To do
Exactly the lines from the one with "this 800×582 image." through the end of the data below must be set down, and no pictures with them.

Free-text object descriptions
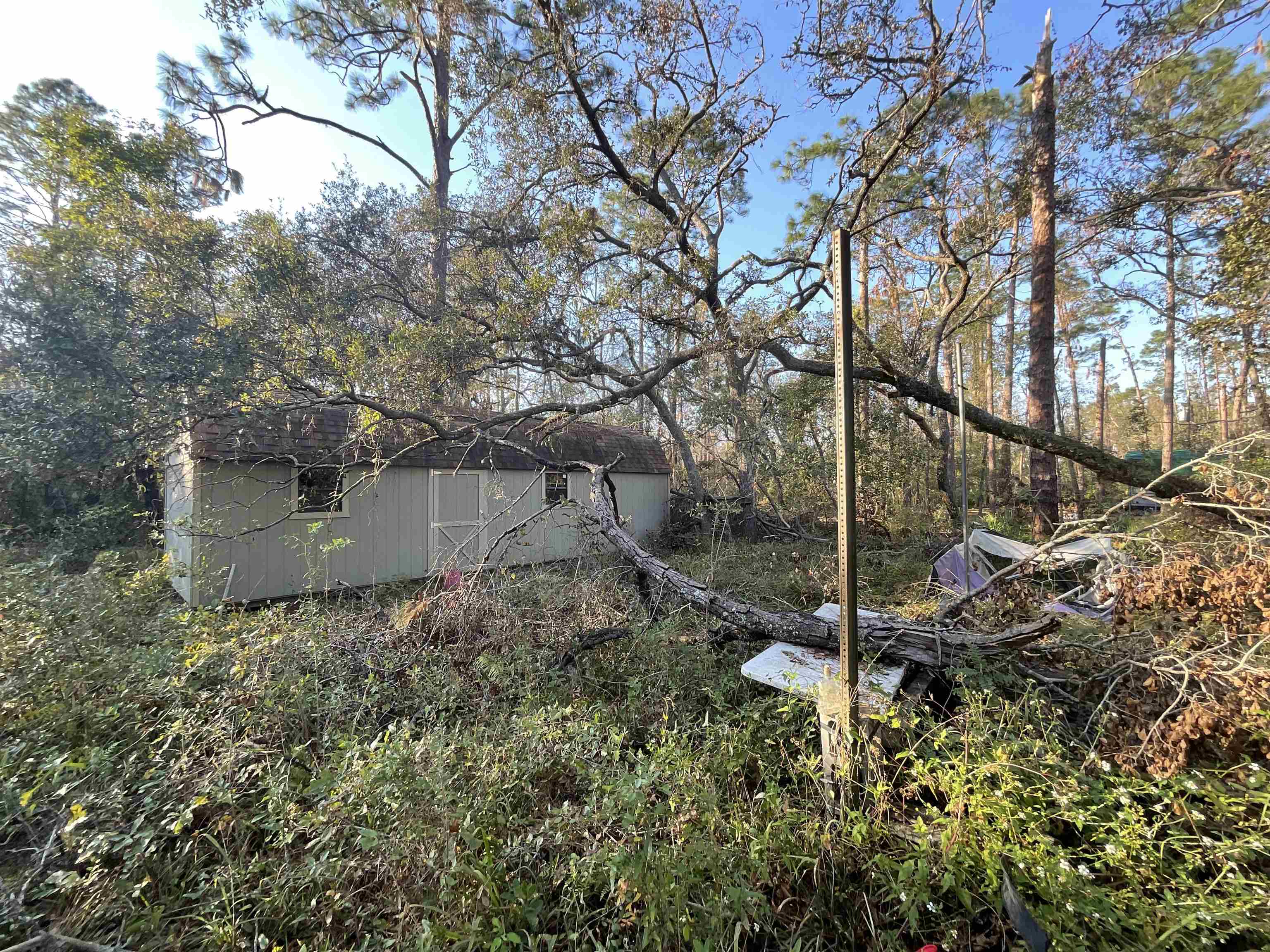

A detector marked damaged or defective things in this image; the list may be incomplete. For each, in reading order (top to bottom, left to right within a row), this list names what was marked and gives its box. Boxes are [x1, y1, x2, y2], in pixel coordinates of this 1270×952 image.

damaged roof [189, 403, 675, 473]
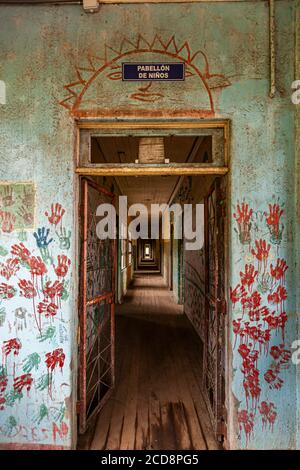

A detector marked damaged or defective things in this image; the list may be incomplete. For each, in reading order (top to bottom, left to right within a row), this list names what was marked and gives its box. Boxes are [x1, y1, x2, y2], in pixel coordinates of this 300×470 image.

rusted metal grille [78, 178, 115, 436]
rusted metal grille [203, 180, 226, 440]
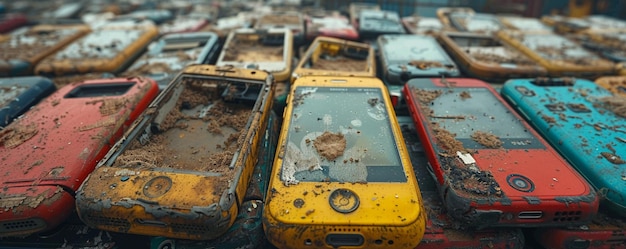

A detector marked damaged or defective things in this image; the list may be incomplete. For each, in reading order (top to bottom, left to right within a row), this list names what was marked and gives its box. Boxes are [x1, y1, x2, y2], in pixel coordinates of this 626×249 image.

broken phone casing [0, 77, 158, 236]
damaged yellow smartphone [260, 76, 426, 249]
broken phone casing [260, 76, 426, 249]
broken phone casing [402, 78, 596, 228]
broken phone casing [498, 78, 624, 218]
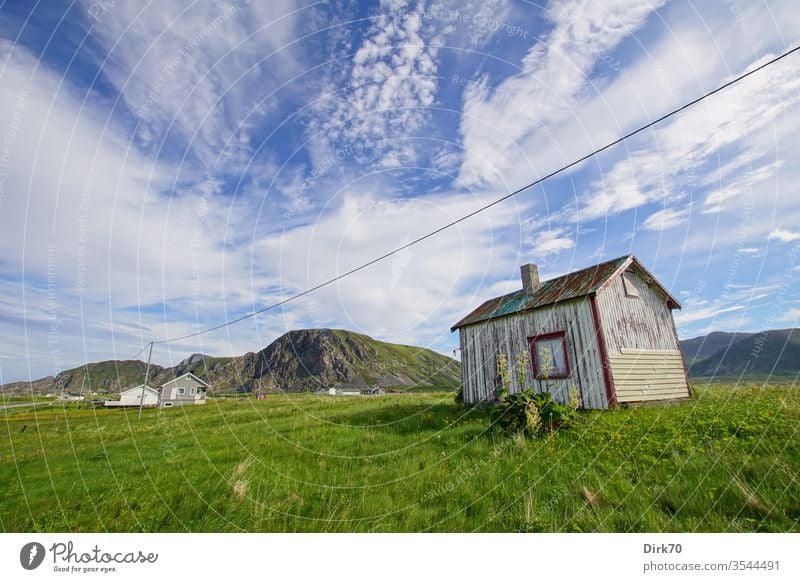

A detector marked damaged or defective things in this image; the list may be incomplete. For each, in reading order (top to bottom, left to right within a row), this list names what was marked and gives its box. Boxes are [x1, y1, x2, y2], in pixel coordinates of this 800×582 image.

rusty metal roof [450, 256, 680, 334]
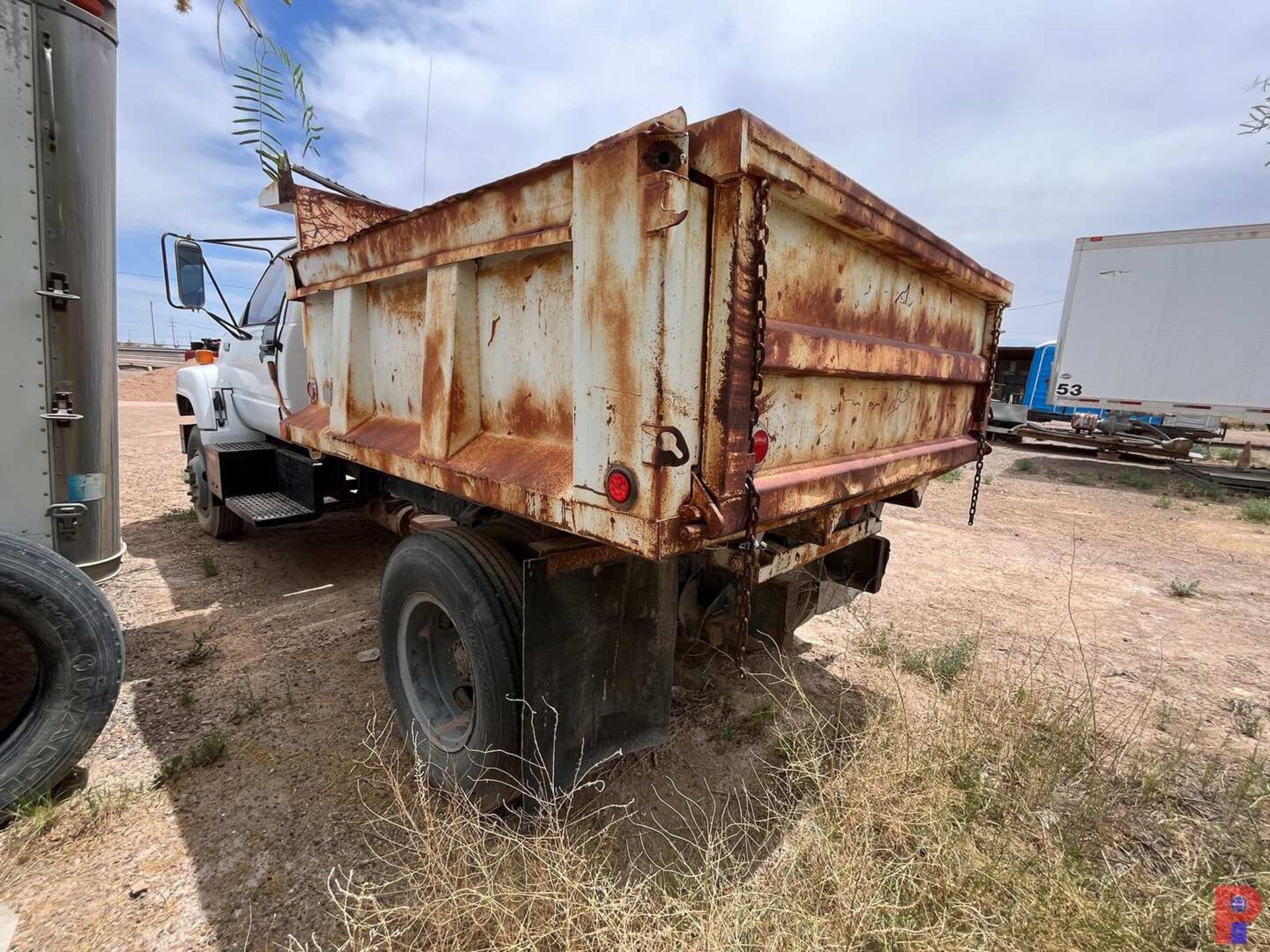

Your response
A detector marked damaged or defective things in this image; the list may be incomplete. For each, in reading order (top to bottom, left to right within a row), this list names what was marked and gives its box. Boxes are [x1, y1, x2, y2], in pixel coordinates of this 800×582 image.

rusty metal roof [450, 256, 680, 334]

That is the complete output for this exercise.